The challenges of infusing privacy and compliance technologies in the iToBoS project

In any data processing project that deals with personal information there is an inherent tradeoff between safeguarding data subjects’ privacy and yielding useful and accurate insights from the data.

This problem is compounded on both fronts when dealing with healthcare projects: On one hand, health data is especially sensitive, and even defined under article 9 of GDPR as a special category of personal data to which additional restrictions apply. On the other hand, when making medical decisions that can have a “life or death” effect on people, you need to be able to make base those decisions on information and technology that is as accurate as possible.

Another dilemma is how to cooperate with the “open research data” paradigm being strongly promoted in the EU when it relates to health data, and deciding what data is safe to share outside the consortium. The iToBoS project, for example, is interested in fostering the development of cognitive assistant algorithms, such as the one developed in the project, within the scientific community. To this end, it plans to release some of the data collected in the project in the form of two open challenges for skin lesion analysis. However, for obvious reasons, any patient data shared publicly must be properly anonymized such that it can’t be re-identified by any reasonable means, even with external knowledge. This means that merely removing direct identifiers such as names and IDs is not enough, and further measures to ensure proper anonymization of the released data must be applied, for example k-anonymity or differential privacy.

When employing privacy-preserving methods on datasets, small amounts of noise and/or generalizations of the data are typically applied to prevent any record from being identifiable by better “blending in the crowd”. However, the smaller the dataset, the more difficult it is to create this blending, and the amount of noise or generalization required to reach that effect grows larger. Since the dataset in this project is relatively small (600 patients), this implies reduced utility of the published data.

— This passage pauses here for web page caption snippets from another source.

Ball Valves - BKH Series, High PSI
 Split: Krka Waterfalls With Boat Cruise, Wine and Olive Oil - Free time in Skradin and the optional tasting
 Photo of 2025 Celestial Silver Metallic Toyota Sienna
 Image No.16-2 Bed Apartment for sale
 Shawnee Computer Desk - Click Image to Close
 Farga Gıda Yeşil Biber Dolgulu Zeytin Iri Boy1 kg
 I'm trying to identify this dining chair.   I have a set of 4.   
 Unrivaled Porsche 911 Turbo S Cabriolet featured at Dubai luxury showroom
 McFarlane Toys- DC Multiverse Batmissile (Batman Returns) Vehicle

Further compounding these issues is the fact that this project is considering analyzing more data sources than have been used in previous studies, including image data, clinical data, genomic data as well as family history. This makes it difficult to determine beforehand what parts of these data will be most useful for training the AI algorithms. Therefore, we cannot determine with certainty which fields can safely be removed/generalized or otherwise perturbed without harming the models’ accuracy in a way that renders them useless for this type of application. We therefore plan to employ an iterative approach: initial versions of the AI models will be trained on (almost) all of the data collected during the prospective patient study. The importance or effect of each of the collected data points will be analyzed to guide the decision to possible discard some of the features and not include them in the final training or challenges. For the remaining data which we do wish to use, and include in the challenge data released publicly, we will attempt to create a tailored anonymization that takes into account the needs of the AI models and generalizes the data in a way that has a less harmful effect on those fields that are most important for the analysis.

The fact that the data has multiple modalities and formats also poses some challenges. The project will be employing the DICOM format to store, transfer and publish the image data in the project. The DICOM standard also includes many header fields to store metadata about each image, such as to which patient, study and series it belongs, what is the anatomical location of the image, along with additional demographic and clinical data which may be of relevance to the physician looking at the image and trying to make a diagnosis. In the case of iToBoS, some of these fields overlap with the data collected in the RedCap system and exported as csv files. In order to consistently mask or anonymize both data formats, the same masking techniques must be employed, with the same parameters and internal state, to yield coherent results. For example, it is necessary to mask the patient ID in the same way in both types of files so that all information belonging to a single patient can be cross-referenced. However, the standard tools used for de-identifying or anonymizing DICOM files do not currently contain the capability to mask tabular data, and vice versa.

Moreover, tabular data is not the only kind of data that may contain identifying information. Skin images may contain identifying marks such as birthmarks, tattoos or scars that, if included in the released data, may violate patients’ privacy. Image anonymization is a fairly new and yet unsolved research problem, especially in cases where very high resolution and level of detail is required, as in the case of dermoscopic images for skin cancer screening. In this project we decided to employ manual identification and selection of the identifying areas on the images by the technician operating the scanner, such that they can be removed from the image prior to being uploaded into the iToBoS system. One remaining challenge is how to ensure that the resulting image still looks smooth and natural enough to be processed by the system, including by AI models.

We also had to decide what to do with images of the facial area. On one hand, this part of the body is one of the areas with the most sun exposure and thus has high probability of sun damage and related disease, however these images are also potentially the most identifying. So as not to give up this important area entirely, we opted to use much smaller crops (1x1 cm) than those used for the rest of the body (6x4 cm).

Finally, in a project such as this, that introduces a new AI-based decision-support technology, explainability of the models is of utmost importance to enable increased adoption of the tool by physicians and patients. Many methods for explaining AI decisions are based on revealing to the AI user specific samples (or characteristics of samples) from the training data used to train the model. This again poses a privacy risk to patients whose data was used in training the models. We are therefore considering ways in which auxiliary (non-private) datasets can be utilized in generating explanations for the AI decisions instead of the actual training data.